Could you give the listing again exactly, without its pictures?
++++
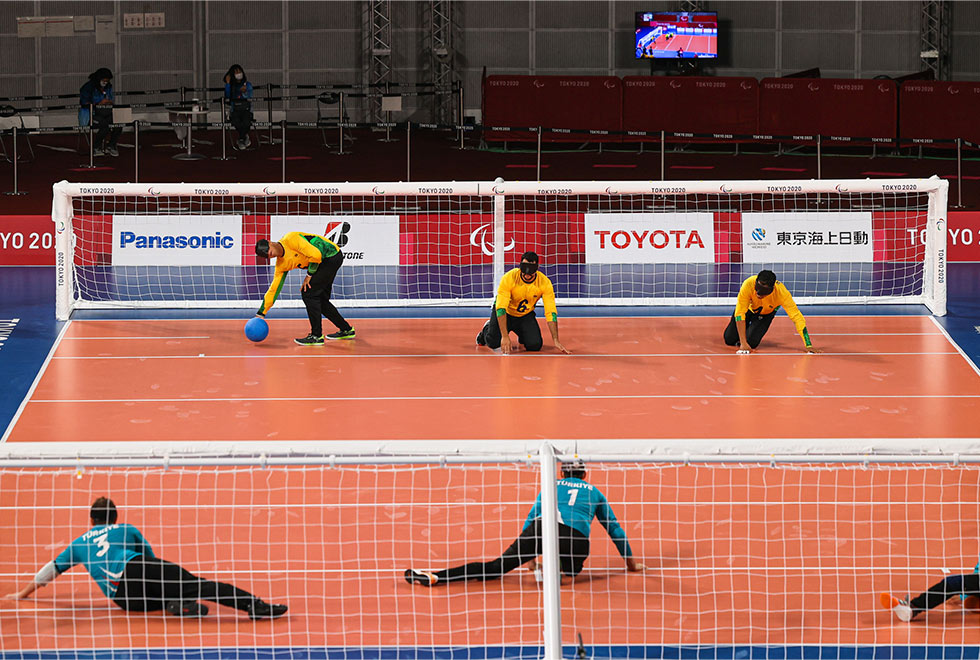 foto mostra uma quadra de goalball com os jogadores posicionados na frente do gol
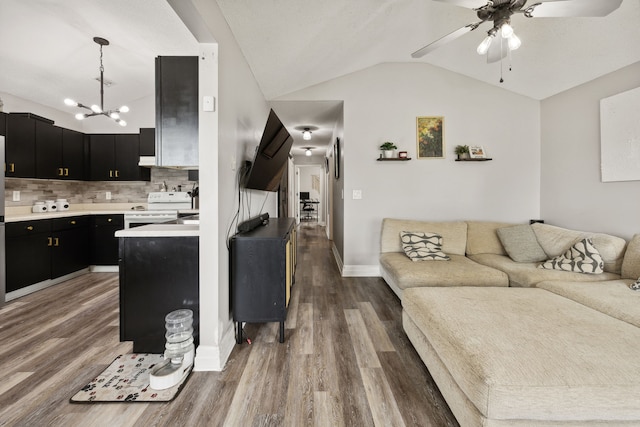 living room featuring hardwood / wood-style floors, ceiling fan with notable chandelier, and vaulted ceiling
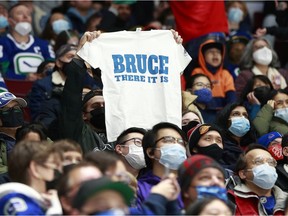 A Vancouver Canucks fan holds up a t-shirt during the NHL game between the Vancouver Canucks and the Columbus Blue Jackets at Rogers Arena December 12, 2021 in Vancouver.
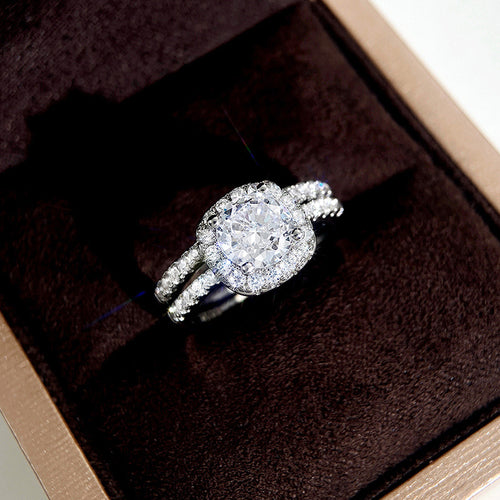 White gold cushion halo dual-band ring stacked in brown velvet box
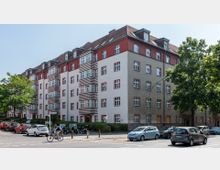 Wohnhaus im Stil der frühen Moderne mit fünf Stockwerken, einem weißen und roten Fassadenmuster sowie markanten horizontalen Streifen. Vor dem Gebäude befinden sich parkende Autos, Bäume und ein Radfahrer auf der Straße.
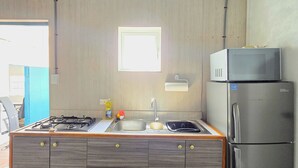 A modern kitchen with a built-in gas stove, stainless steel sink, and a double-door refrigerator. - Studio Cadushi, Walking - 10 min from the beach (Noord)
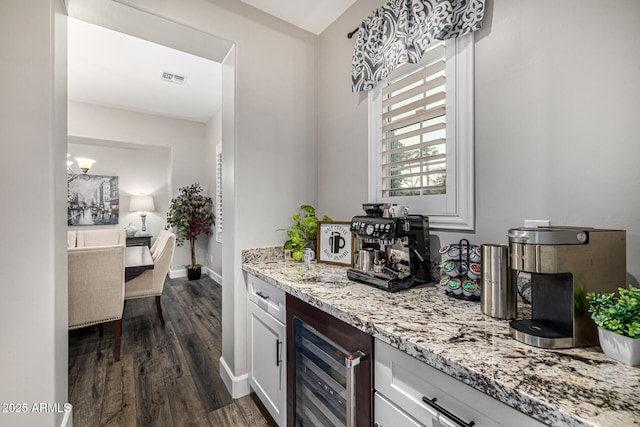 20866 W Werner Pl, Buckeye, AZ 85396 - indoor dry bar featuring wine cooler, dark wood-type flooring, and baseboards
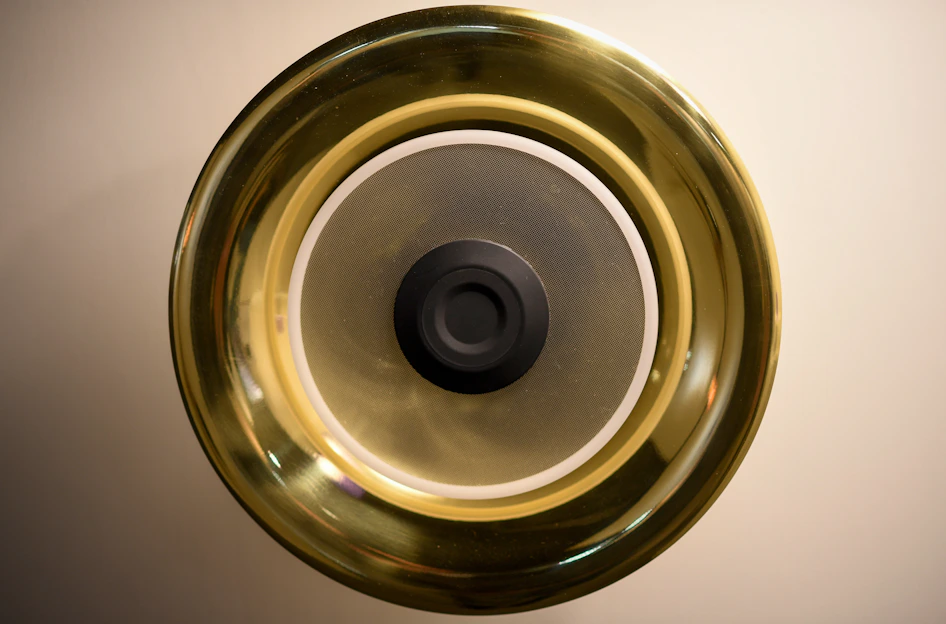 Close-up of a brass bell with a black center.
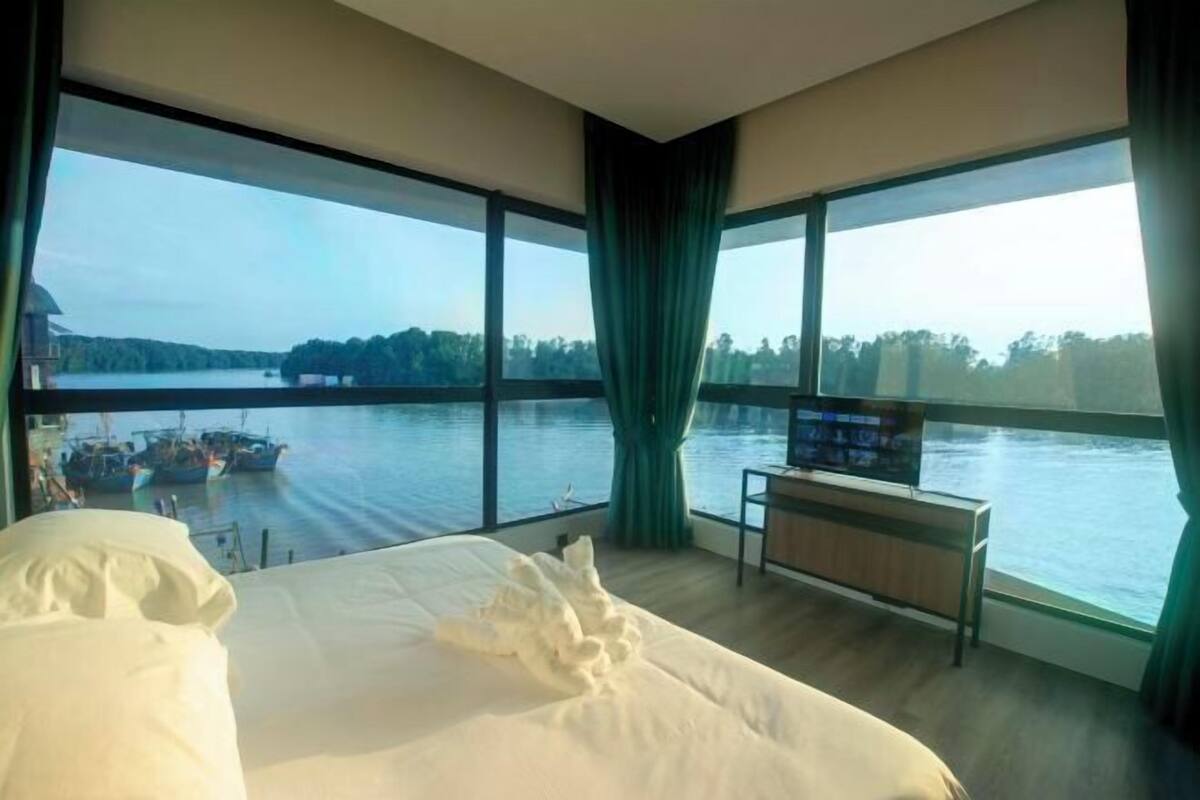 A hotel room with a large bed, a TV, and a view of a body of water with boats.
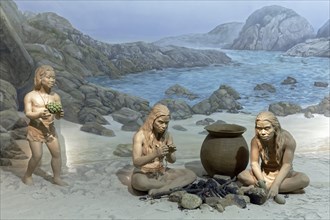Indigenous people at a fire place on the coast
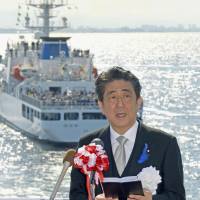Prime Minister Shinzo Abe speaks aboard the patrol ship Yashima during the Japan Coast Guard fleet review ceremony held in Tokyo Bay on Sunday. Abe urges Coast Guard to fulfill duties to protect nation's territorial waters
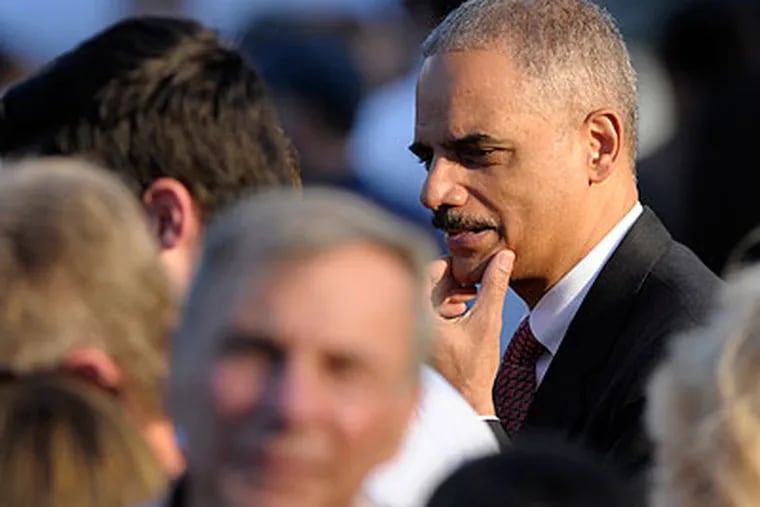Attorney General Eric Holder attends the congressional picnic at the White House Wednesday, the day before the House of Representatives voted to hold him in contempt of Congress. (Susan Walsh / Associated Press)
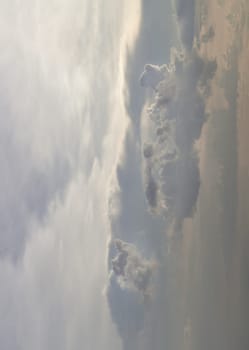 Concept idea of Imaginative clouds and sky. The softness of the clouds and the brightness of the sky. Dramatic clouds with blue sky background before sunset, Nature abstract composition, use it as your Wallpaper, Poster and Copy space, Selective focus.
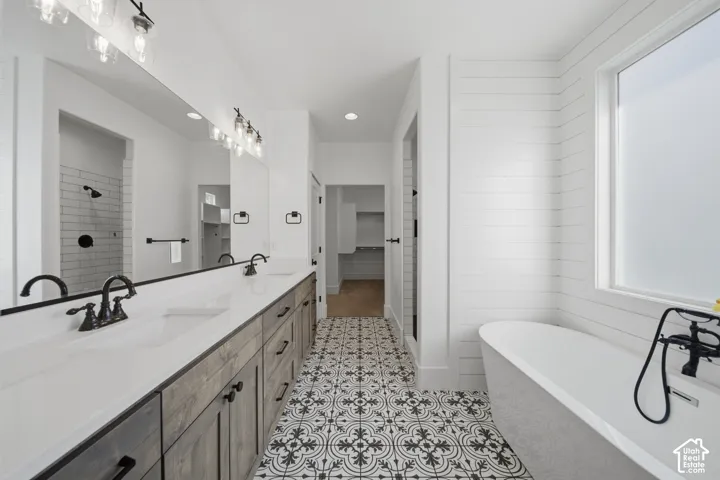 Dual vanity with undermount sinks and dark wood-finish cabinetry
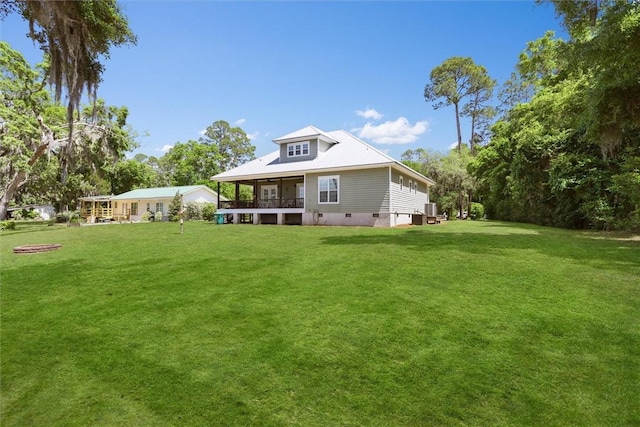 rear view of property featuring a lawn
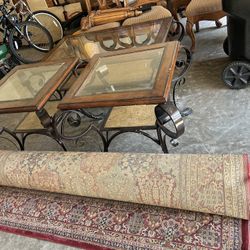 Set of glass top coffee tables and a rolled area rug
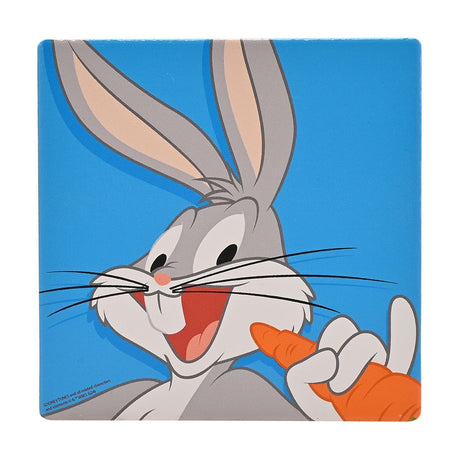Square ceramic coaster featuring Bugs Bunny grinning with a carrot, grey ears and whiskers, set against a vivid blue background with rounded corners.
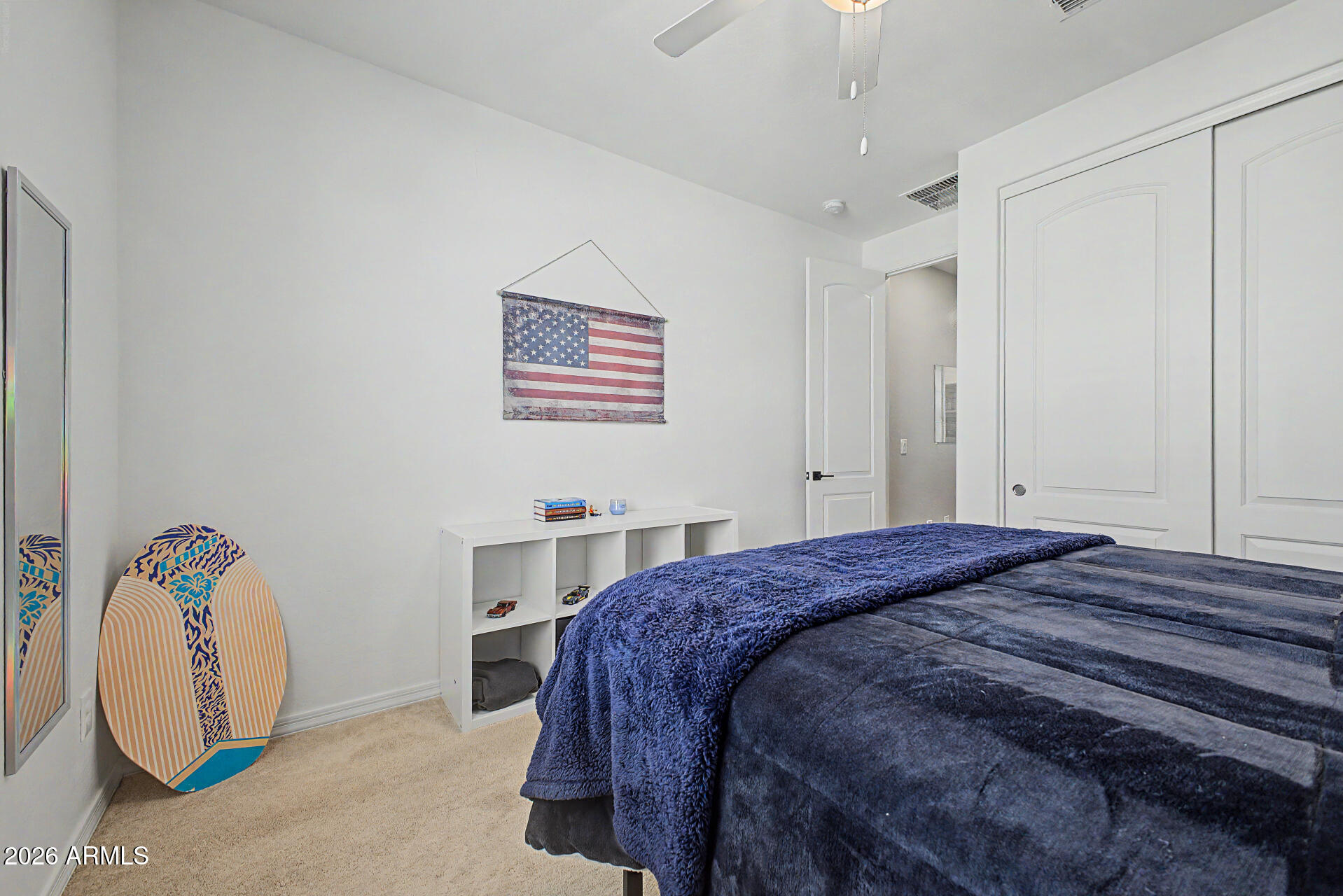 3940 East Turley Street Gilbert, AZ 85295 - Photo 33 of 50 a bedroom with a bed and a painting on the wall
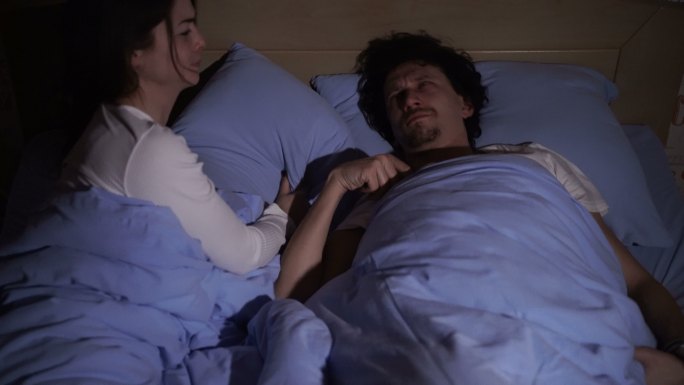 一对异性伴侣躺在床上，男人睡觉时张嘴打鼾，而一个疲惫的女人则头枕枕头坐在床上打鼾。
++++
_Solved problem_
 foto mostra uma quadra de goalball com os jogadores posicionados na frente do gol
 living room featuring hardwood / wood-style floors, ceiling fan with notable chandelier, and vaulted ceiling
 A Vancouver Canucks fan holds up a t-shirt during the NHL game between the Vancouver Canucks and the Columbus Blue Jackets at Rogers Arena December 12, 2021 in Vancouver.
 White gold cushion halo dual-band ring stacked in brown velvet box
 Wohnhaus im Stil der frühen Moderne mit fünf Stockwerken, einem weißen und roten Fassadenmuster sowie markanten horizontalen Streifen. Vor dem Gebäude befinden sich parkende Autos, Bäume und ein Radfahrer auf der Straße.
 A modern kitchen with a built-in gas stove, stainless steel sink, and a double-door refrigerator. - Studio Cadushi, Walking - 10 min from the beach (Noord)
 20866 W Werner Pl, Buckeye, AZ 85396 - indoor dry bar featuring wine cooler, dark wood-type flooring, and baseboards
 Close-up of a brass bell with a black center.
 A hotel room with a large bed, a TV, and a view of a body of water with boats.
Indigenous people at a fire place on the coast
Prime Minister Shinzo Abe speaks aboard the patrol ship Yashima during the Japan Coast Guard fleet review ceremony held in Tokyo Bay on Sunday. Abe urges Coast Guard to fulfill duties to protect nation's territorial waters
Attorney General Eric Holder attends the congressional picnic at the White House Wednesday, the day before the House of Representatives voted to hold him in contempt of Congress. (Susan Walsh / Associated Press)
 Concept idea of Imaginative clouds and sky. The softness of the clouds and the brightness of the sky. Dramatic clouds with blue sky background before sunset, Nature abstract composition, use it as your Wallpaper, Poster and Copy space, Selective focus.
 Dual vanity with undermount sinks and dark wood-finish cabinetry
 rear view of property featuring a lawn
 Set of glass top coffee tables and a rolled area rug
Square ceramic coaster featuring Bugs Bunny grinning with a carrot, grey ears and whiskers, set against a vivid blue background with rounded corners.
 3940 East Turley Street Gilbert, AZ 85295 - Photo 33 of 50 a bedroom with a bed and a painting on the wall
 一对异性伴侣躺在床上，男人睡觉时张嘴打鼾，而一个疲惫的女人则头枕枕头坐在床上打鼾。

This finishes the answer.